Na admissão, ganho real chega a 10%
O ritmo de crescimento dos salários dos novos contratados evidencia a força do mercado de trabalho. Nos 12 meses acumulados até janeiro, o valor do rendimento inicial aumentou 10,7% no comércio e 6,6% na indústria, já descontada a inflação. Na média de todos os setores, a expansão é de 4,9%, também em termos reais. Os cálculos são da MB Associados, a partir das informações do Cadastro Geral de Empregados e Desempregados (Caged). Os dados de janeiro são os mais recentes disponíveis.
O economista-chefe da MB, Sérgio Vale, destaca o nível baixo do desemprego no Brasil, que continua rodando nas mínimas históricas. Nesse cenário, há uma alta forte até mesmo dos salários dos novos contratados, algo que ocorre em todo os segmentos do setor privado. Na construção civil, a alta real em 12 meses é de 5,9%.
Em fevereiro, a taxa de desemprego nas seis principais regiões metropolitanas do país ficou em 6%, na série com ajuste sazonal calculada pela Quest Investimentos.

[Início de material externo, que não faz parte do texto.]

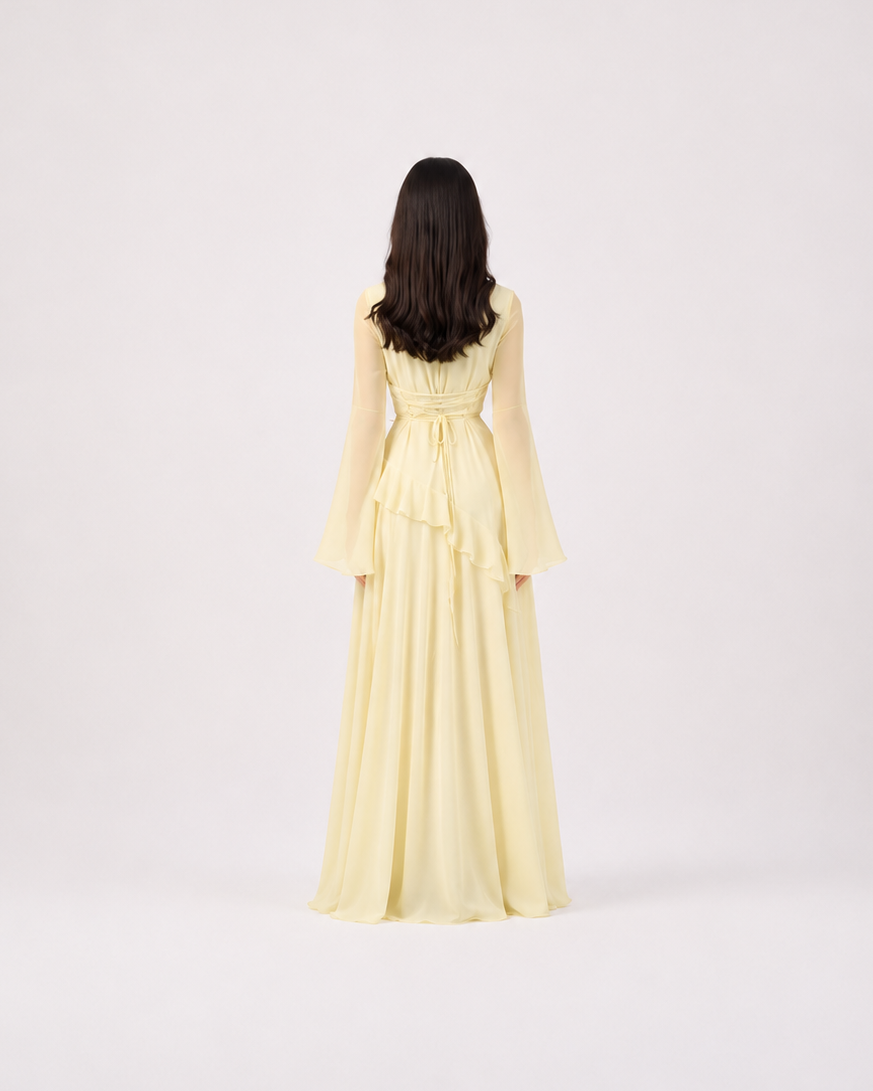 A woman viewed from behind wearing a pale yellow long-sleeve maxi dress with a ruffled waist, standing against a plain light gray studio background.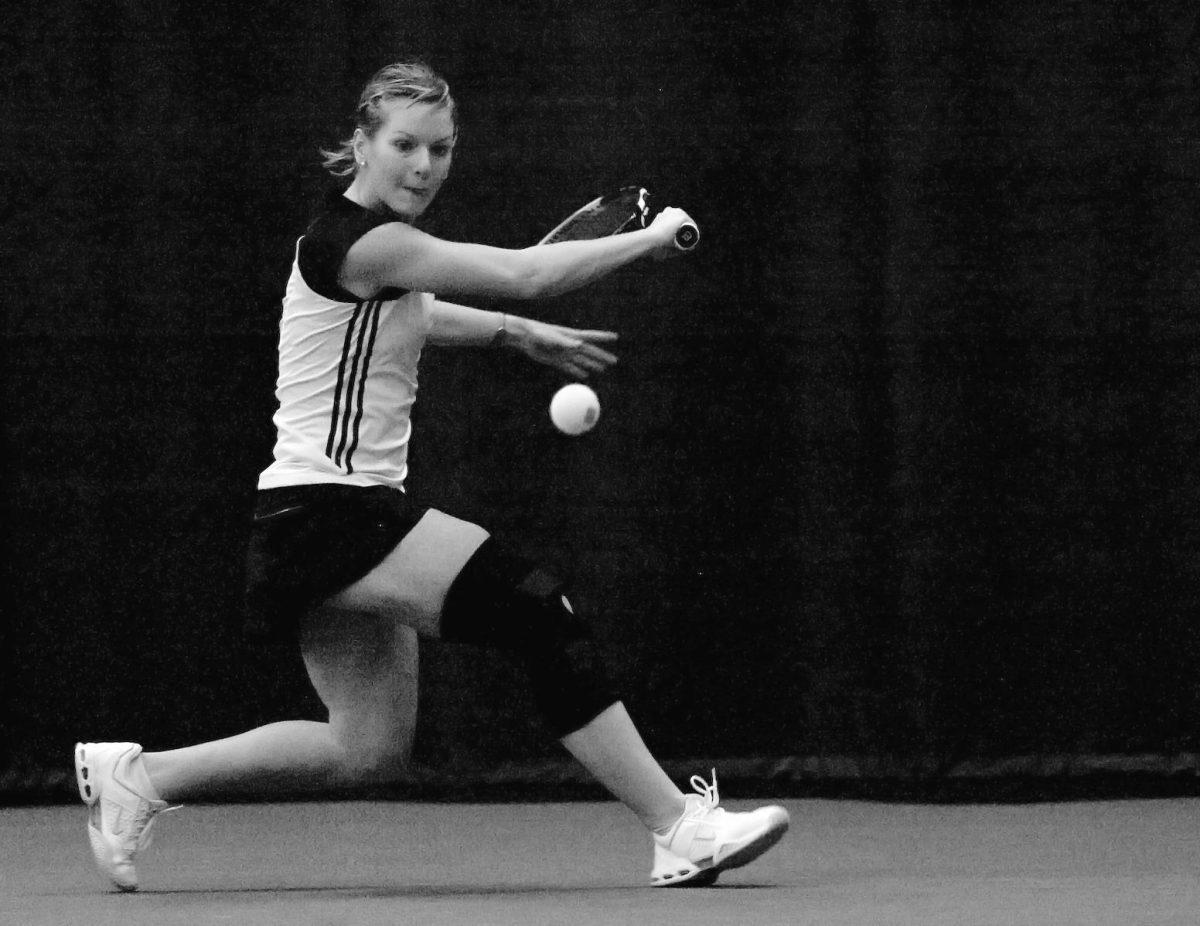 Lenka Hojckova stretches for a ball in the Wolfpack's match against Charleston Southern.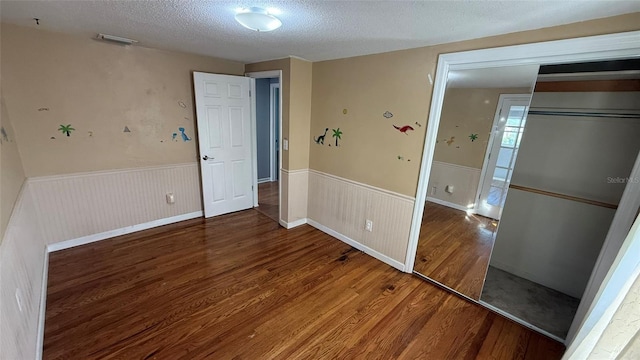 unfurnished room featuring dark hardwood / wood-style floors and a textured ceiling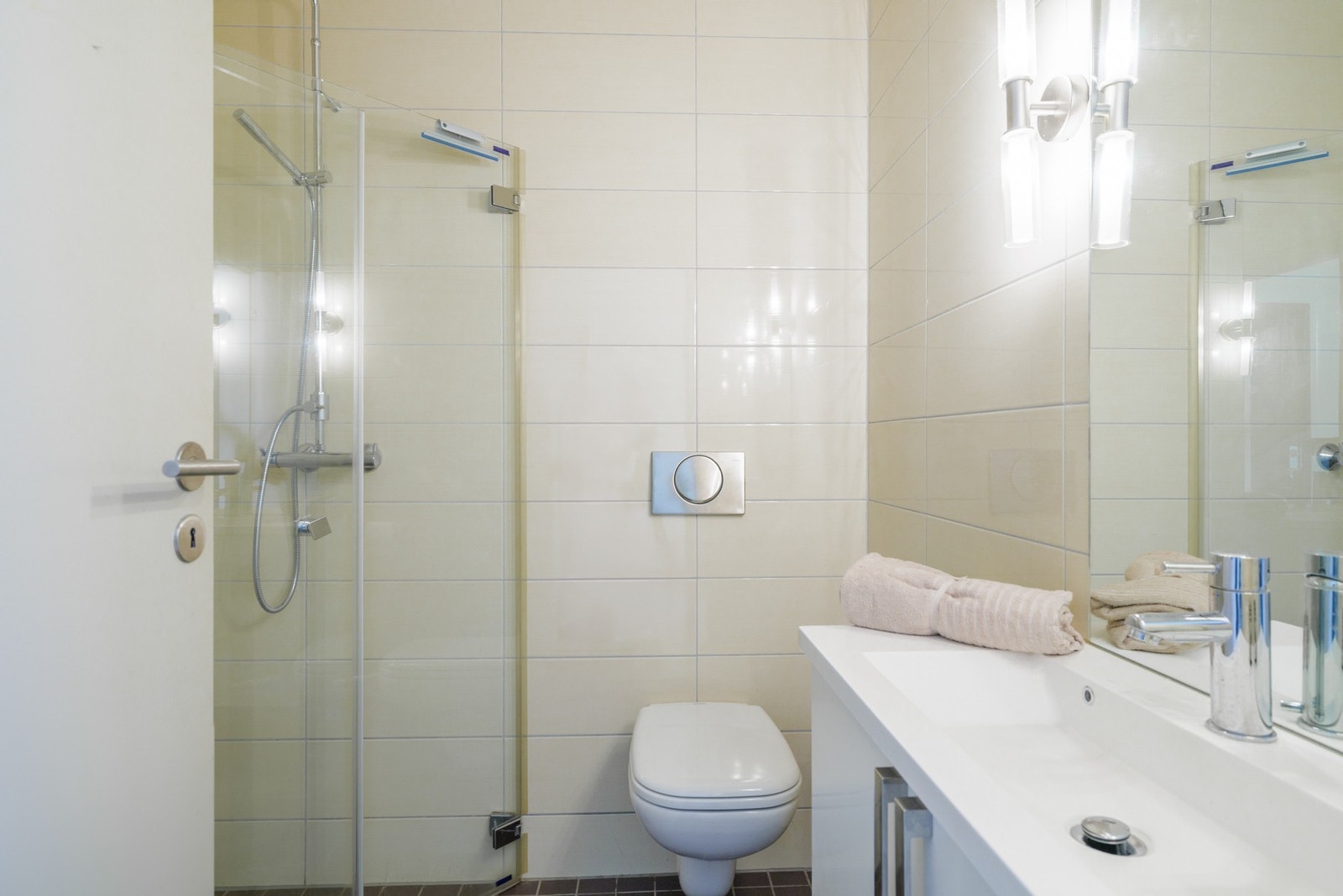 Badet er innredet med servantskap, speil med belysning, dusjhjørne med innfellbare glassdører med hånddusj og regndusj, vegghengt toalett med innebygd sisterne og opplegg for vaskemaskin. Galleribilde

É o piso da série iniciada em 2002. “Em qualquer modelo macroeconômico, a principal variável para explicar o movimento dos salários é a taxa de desemprego”, diz o economista Fábio Ramos, da Quest.
Para ele, o aquecimento do mercado de trabalho hoje chegou a um nível em que não falta apenas mão de obra qualificada. Em muitos casos, há escassez também de trabalhadores sem maior qualificação. No segmento de empregado doméstico, os salários têm subido bastante, mas há redução do nível de ocupados, porque há uma migração de parte dos trabalhadores para outras funções.
Nos serviços, os salários para novos contratados aumentaram 4,3%, descontada a inflação. Essa elevação dos custos salariais ajuda a explicar em alguma medida a elevação dos preços de serviços, hoje uma das principais fontes de pressão inflacionária, diz Vale. Segundo ele, a inflação em alta come parte do rendimento real, mas os salários têm continuado a crescer a taxas elevadas em termos nominais.
Ele chama a atenção para o fato de que, no começo do terceiro trimestre, a inflação estará rodando na casa de 7% ou mais em 12 meses, justamente o período em que há dissídios de categorias importantes de trabalhadores. Isso pode desencadear uma onda de reajustes bastante elevados, a depender do ritmo da demanda.